De data die wij verzamelen geven we weer door aan de zoogdierenvereniging. Dat maakt het heel nuttig. Het zou bijvoorbeeld zomaar kunnen zijn dat binnen tien jaar de otter en de bever in de Amsterdamse wateren te vinden zijn. Het vrijwilligerswerk is zeer divers, zoals musseninventarisatie, slechtvalken ringen of het braakballen pluizen van kerkuilen. Stuk voor stuk nuttige lijstjes voor monitoring.
De gemiddelde vrijwilliger is nieuwsgierigheid, wil weten wat er vliegt in je tuin, en is sociaal. Als je een eenmaal de basiskennis hebt kun je verbinding leggen en kun je voorspellingen doen. Met behulp van deze opgedane kennis heb ik bijvoorbeeld de ecologische structuur van Amsterdam bedacht. Daar zitten veel knelpunten in, gebaseerd op verkeersslachtoffers. Als we vaak dode egels of ringslangen vinden proberen we dat op te lossen door middel van ecopassages en vispassages. Zo hebben we inmiddels 155 van de 180 knelpunten opgelost. Door sámen te werken met beroepsvissers en vrijwilligers. De techniek helpt ons hierbij een handje. Zoals de cameravallen, maar ook zendertjes op de grote alen, die door middel van draadjes op de bodem de trek van de vissen registreren.
Een natuurinclusieve stad
Geert: “Als stadsecoloog heb ik met meerdere collega’s een handboek voor een natuurinculieve stad gemaakt. Waar moet je op letten? Wat kun je doen? In dit boek staan 20 ideeën om natuurinclusief te bouwen. We zouden graag een soort puntensysteem maken waaraan nieuwe opdrachten moeten voldoen. We zijn dit aan het testen met drie projecten in Amsterdam, en de feedback is positief. De lijst is redelijk simpel, niet duur en bevat een duidelijke uitleg. Zo willen we in de nabije toekomst de lijst uitbreiden tot 40 punten. Niet alleen voor de aanleg, maar ook voor het beheer.
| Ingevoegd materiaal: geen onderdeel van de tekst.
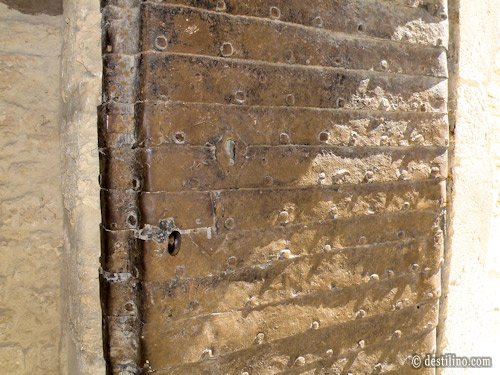 Ribat de Monastir. Vieille porte en bois recouverte de fer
En dit allemaal voor bevordering van de biodiversiteit, de wateropvang en tegen de hittestress in de stad. De informatie vanuit mijn vrijwilligerswerk is ook voor dit project goed bruikbaar.”
Haring in het IJ
Geert:” Ecologie is mijn hobby. Daar was ik al van kinds af aan mee bezig. Samen met collega Martin Melchers hebben we daarom in 1991 het boekje ‘Haring in het IJ’ geschreven. Een boek dat gaat over de wilde natuur in Amsterdam. We waren heel nieuwsgierig waar wat voorkwam. Dat hebben we ook op vrijwillige basis gedaan. De hele stad hebben we verdeeld in kilometerhokken. En per hok wilden we weten wat voor soorten er voorkwamen. Waar vind je ze, waar kun je ze horen? Het boekje bevat ook recepten, eten uit de natuur, zoals de rivierkreeft.
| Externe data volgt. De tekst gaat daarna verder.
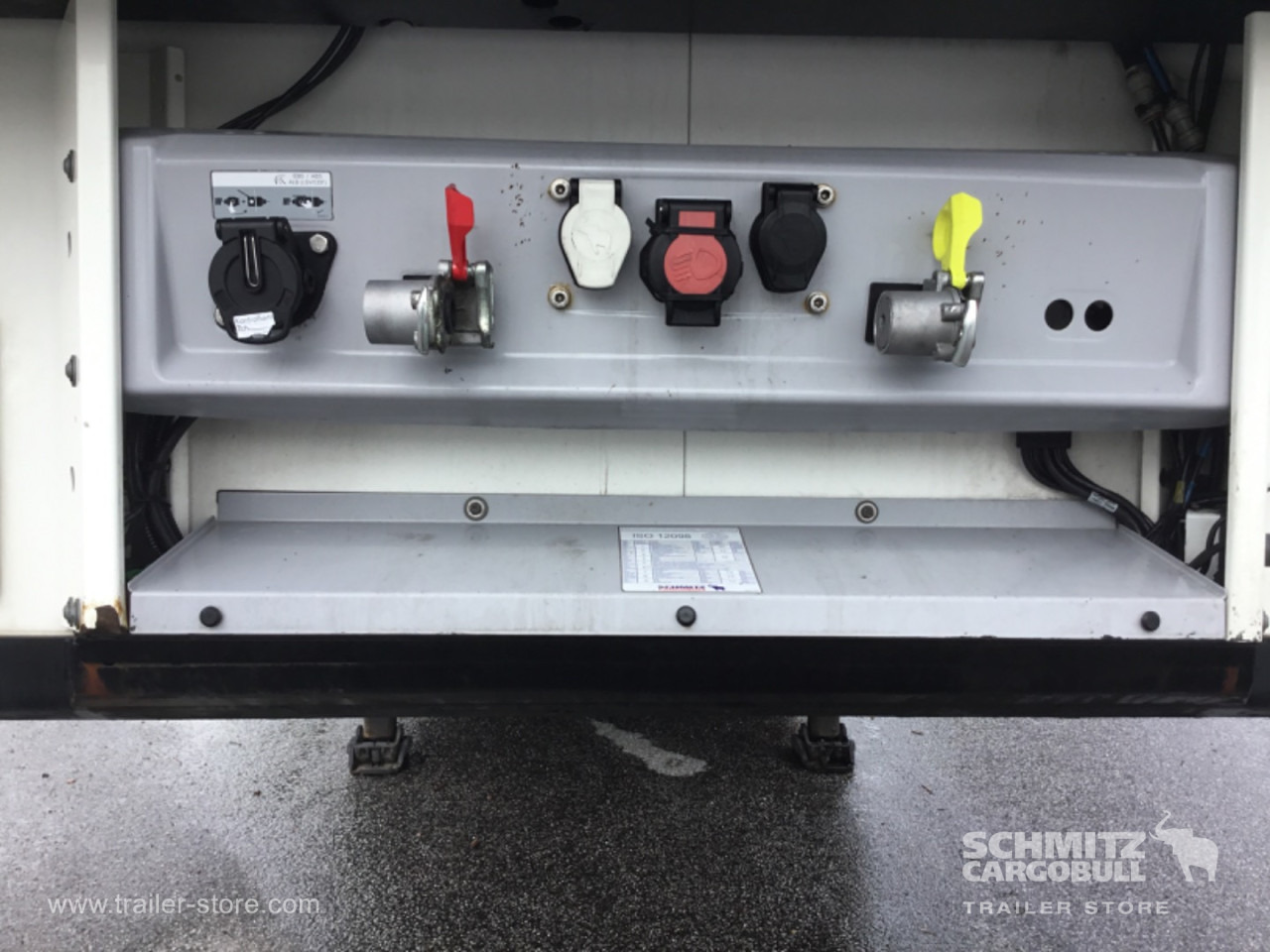 SCHMITZ Reefer Meat hanging system - Изотермический полуприцеп: фото 4 SCHMITZ Reefer Meat hanging system - Изотермический полуприцеп: фото 4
En het boekje is nog steeds actueel! Een soort basis van ons idee om een fijn netwerk te maken in de stad. En dat is nu ook planologisch vastgelegd. Daar ben ik natuurlijk heel trots op.”
*Edo Govers werkt bij RAVON, coördineert het landelijke meetnet amfibieën, en geeft sturing aan de honderden vrijwilligers. Hij rekruteert, enthousiasmeert en traint vrijwilligers die meer willen weten over de kikker, padden en salamanders in Nederland.